They pour our coffee, brush our teeth and perform hundreds of other daily tasks too numerous to mention. “But aching hands transform even a simple task into a painful ordeal. Beneath the skin, your hands are an intricate architecture of tendons, joints, ligaments, nerves, and bones. Each of these structures is vulnerable to damage from illness or injury. Arthritis can make it difficult to carry a shopping bag,” according to Dr. Barry P Simmons, Medical Editor of Harvard Health Publications.

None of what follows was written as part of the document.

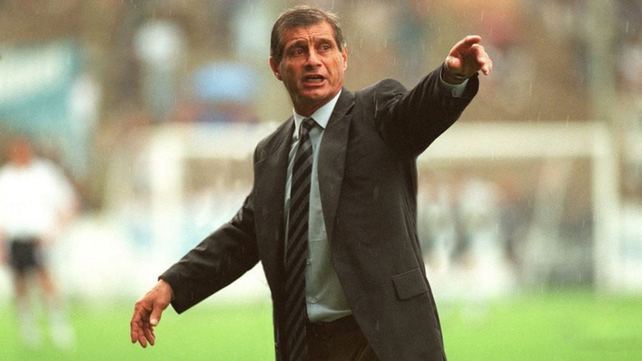 José Yudica es el nombre que considera Gerardo Martino para la tribuna norte.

Harvard has issued a 44 page report entitled Hands. This Special Health Report from Harvard Medical School, includes super-informed coverage of The Healthy Hand, Arthritis of the hand, Tendon trouble, Exercise for the hand, Carpal tunnel syndrome and other tunnel syndromes, traumatic hand and wrist injuries as well as handy gadgets. This pretty much qualifies as everything you ever wanted to know about the hand, but were afraid to ask. Harvard Medical School offers special reports on over 50 health topics. Visit their website for further reports of interest to you and your family. You can order the Hands report here.
The following is directly from the report:
The most common of all joint diseases, osteoarthritis affects cartilage, the resilient tissue that cushions the ends of your bones. Normally, cartilage provides a smooth, gliding surface so the joints can move easily. In osteoarthritis, the cartilage thins and loses its elasticity. As the cartilage breaks down, the underlying bone may form a bony growth called a spur, or osteophyte. Fluid-filled cysts may form in the bone near the joint. The synovial membrane lining the joints becomes inflamed, triggering the release of proteins that may damage the cartilage further.

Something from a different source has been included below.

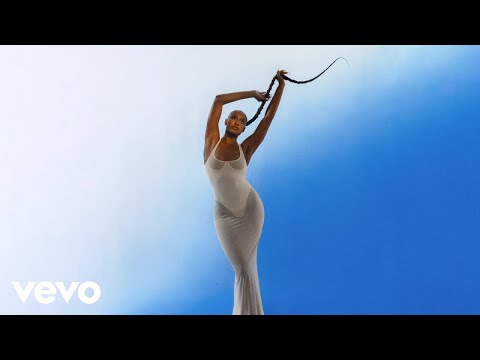 Coco Jones - Hit You Where It Hurts (Audio)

Approximately 27 million Americans have osteoarthritis. In addition to the hands, osteoarthritis typically strikes the knees, hips, feet, and back. The incidence rises with age, with most cases occurring in people older than 50. Heredity seems to play a role, particularly for osteoarthritis in the hands. Muscle weakness and a history of joint injuries caused by sports or accidents may also make a person more prone to a type of osteoarthritis known as traumatic arthritis. Ordinary, repetitive activities such as typing or playing a musical instrument may worsen arthritis symptoms, but they do not cause osteoarthritis of the hands.